Keyboard shortcuts not working
Your terminal does not support the Kitty keyboard protocol. Switch to iTerm2 or Kitty, or apply the configuration snippet for Ghostty/WezTerm from the omp documentation at https://omp.sh.
Ollama edits are garbled or erroring
Confirm you used api: openai-completions (not openai-responses) in your Ollama provider block. Also confirm the model is pulled and running: ollama list.
vLLM connection refused
The SSH tunnel may have dropped. Re-establish it:
ssh -L 8000:localhost:8000 user@gpu-server
Also confirm contextWindow in your models.yml entry matches the --max-model-len value your vLLM server was started with. A mismatch causes silent truncation or context overflow errors.
Hashes not matching / edit rejected
The file was modified between when omp read it and when it tried to write the edit.

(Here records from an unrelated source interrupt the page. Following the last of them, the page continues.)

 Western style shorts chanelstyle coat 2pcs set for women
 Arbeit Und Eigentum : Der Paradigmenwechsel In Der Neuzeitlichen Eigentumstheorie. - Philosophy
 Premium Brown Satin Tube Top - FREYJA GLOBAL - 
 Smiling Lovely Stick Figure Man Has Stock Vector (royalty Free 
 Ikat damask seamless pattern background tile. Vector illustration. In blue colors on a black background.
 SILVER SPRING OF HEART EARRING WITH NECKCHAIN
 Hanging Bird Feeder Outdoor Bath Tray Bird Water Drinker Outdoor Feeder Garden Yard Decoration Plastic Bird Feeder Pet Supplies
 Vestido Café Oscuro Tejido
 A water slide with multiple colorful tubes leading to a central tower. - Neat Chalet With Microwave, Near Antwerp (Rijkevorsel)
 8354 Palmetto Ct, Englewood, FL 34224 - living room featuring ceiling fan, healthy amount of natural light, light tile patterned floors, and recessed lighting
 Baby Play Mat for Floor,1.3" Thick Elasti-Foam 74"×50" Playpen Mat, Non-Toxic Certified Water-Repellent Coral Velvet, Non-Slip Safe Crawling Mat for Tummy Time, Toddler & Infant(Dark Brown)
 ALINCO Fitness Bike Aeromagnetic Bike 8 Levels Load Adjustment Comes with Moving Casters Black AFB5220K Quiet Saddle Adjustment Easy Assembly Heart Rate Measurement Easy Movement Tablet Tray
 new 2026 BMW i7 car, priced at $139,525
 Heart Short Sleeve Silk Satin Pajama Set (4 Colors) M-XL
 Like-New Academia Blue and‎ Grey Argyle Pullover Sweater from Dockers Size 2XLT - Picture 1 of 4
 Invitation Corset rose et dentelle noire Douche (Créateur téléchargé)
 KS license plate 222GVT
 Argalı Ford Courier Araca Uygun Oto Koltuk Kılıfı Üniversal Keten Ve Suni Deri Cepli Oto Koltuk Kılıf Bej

This is the hashline system working correctly — it prevented a potentially corrupt edit. Ask omp to re-read the file and retry the edit.
omp stats shows zero cost for local models
This is expected behavior. The cost fields in models.yml for Ollama and vLLM are set to zero, so cost tracking reflects actual spend (nothing) for local inference. Only Anthropic API calls show nonzero cost in omp stats.
Related Tutorials
- [[omp-deep-dive|Oh My Pi Deep Dive]] — advanced configuration, custom tools, hook system, and subagent design
- [[autoresearch-beginner-guide|Autoresearch Beginner Guide]] — another AI-assisted research tool for the terminal
- [[hpc-ai-tech-stack]] — running AI workloads on HPC clusters, relevant if you are deploying vLLM on SLURM or Flux nodes
- [[slurm-vs-flux-reference]] — scheduler comparison for HPC environments where you might host vLLM backends
- [[CONFIG_MANAGERS]] — tooling for managing dotfiles and configs across machines, including omp config files
- [[ideas-research-analysis]] — broader notes on AI-assisted research workflows
References
- GitHub repository: https://github.com/can1357/oh-my-pi
- Landing page and installer: https://omp.sh
- Ollama: https://ollama.com
- vLLM documentation: https://docs.vllm.ai
- Bun: https://bun.sh
- mise: https://mise.jdx.dev
Summary
omp is a terminal AI coding agent that runs against any OpenAI-compatible provider. Its main technical differentiators are hashline edits (hash-anchored line references that eliminate most edit failures), LSP/DAP integration (IDE-grade diagnostics and debugger support in the terminal), first-class subagents with git worktree isolation, and autonomous memory.
Getting started requires three things: installing the binary (Bun or curl installer), configuring at least one provider in ~/.omp/agent/models.yml and config.yml, and running omp in a project directory. The three provider patterns covered here — Anthropic for capable cloud models, Ollama for free local inference, and vLLM for self-hosted GPU inference — cover the most common setups.
The critical thing to remember when mixing Ollama and vLLM is the API protocol difference: openai-completions for Ollama, openai-responses for vLLM. Getting this wrong is the most common configuration mistake.
For HPC or research environments where you are already running GPU jobs on SLURM or Flux, vLLM over an SSH tunnel is a practical way to get omp talking to a model you control without sending data to a third party. See [[hpc-ai-tech-stack]] for context on that infrastructure.